A Spoken Word Showcase

This weekend I had the privilege of attending a spoken word showcase dubbed Mindful at the Creatives Garage along Kirichwa Road. My sister had told me about it a few weeks back and had requested that we should go for it together. And being the typical person that I am, I said yes and I completely forgot that I had committed to it. Come Saturday morning, she saunters in to my room and she’s like, “so we’re still going for the Spoken Word gig, right?” Me: “Urm! Yeees, I guess.” That how I found myself in this mix.

Now, I think I have confessed here before that I am not a poetry person. And true to it, I wasn’t then. It never used to fascinate me, then. When I retrace my thoughts, it could be because my view of poetry was from a very shallow perspective of what it is about and not from the angle of it being a creative outlet for anyone who prefers to express themselves that way. The same way I would write my extra-long posts here, is the same way someone else would create such simple, but powerfully intense, profound and rhythmical words that speak volumes to its listeners (or readers) when spoken or read. It’s a culture to unite the body, mind and soul.

For that reason, I had attended very few spoken word events. The last one I went for was way back in 2010 or there about. I had forgotten the vibe around these events to be honest. Considering that it’s not the same people that were performing then that are performing now, which is very encouraging. Spoken word or poetry has truly evolved, because people’s creations are consistent with the times. The same matters that were being tackled then, have now progressed and people are more exposed, more confident, more open minded and more welcoming of topical issues that need to be addressed, the kind that people shied off then, because they were afraid of being judged or ostracized.

When I agreed to this plan, the first thing that crossed my mind of course was; what kind of crowd will be there, and what am I going to wear?! So she gave me a quick low down of what to expect. That it was to be a chilled crowd that’s there mostly for art and that I should wear what I would be comfortable in. Wow. Simple. Perfect. I don’t know if it’s an everyone thing, but being in a social setting that I am not used to usually makes me a bit nervy, because I always think about how I would fit into it. Especially if it’s by people I don’t know or that I have never met before, and this one was of that kind.

Anyway, when we got to the Creatives Garage, I was amazed by how chilled the place was, actually. From the graffiti on the walls, the local deco which was old lamp shades that most houses had back in the day (the kind that when blown off would make everyone in the house tear because of the unburnt paraffin), the colored plastic cups and mwiko’s (cooking sticks) and the sitting arrangements – there was a bleacher stand and then around was benches and some low wooden forms with cushions. Then at the front is where the spoken word artists and poets would perform their pieces in front of the curious and expecting eyes.

I loved each of their performance pieces. I loved how they performed them. I loved how profound they were. I loved how they have this platforms for youthful creatives to practice and showcase their talents. It’s not easy to perform in front of a crowd and I know it.

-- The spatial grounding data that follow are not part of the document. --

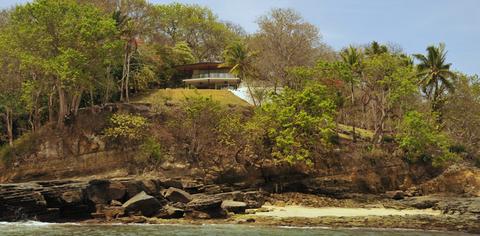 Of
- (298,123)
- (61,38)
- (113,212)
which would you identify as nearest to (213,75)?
(298,123)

But what impressed me the most is how mature the crowd was. Yes, mature. And how seriously the artists took this opportunity. Mature in the sense that they know that person on stage is putting out their best work yet and that they’re divulging their deepest and most sincere thoughts and experiences that make them the most vulnerable.

Shikkieh
Luca
MC Elfra
Mumbi

When someone say forgets their lines, they would snap their fingers to boost their memory and help them remember their lines. The support each performer received from the crowd was awe-inspiring. I would say that’s the kind of environment one needs to be in to help them firm up their skills as a performance artist. If that’s your kind of thing. Also, I could guess that’s why it’s called the Creatives Garage, because it fixes and builds Creatives, but what do I know.

When you’re doing algebra and it’s too easy, chances are that you’re doing it wrong. ~ Tear Drop (poet)

Overall, I enjoyed myself. Way too much!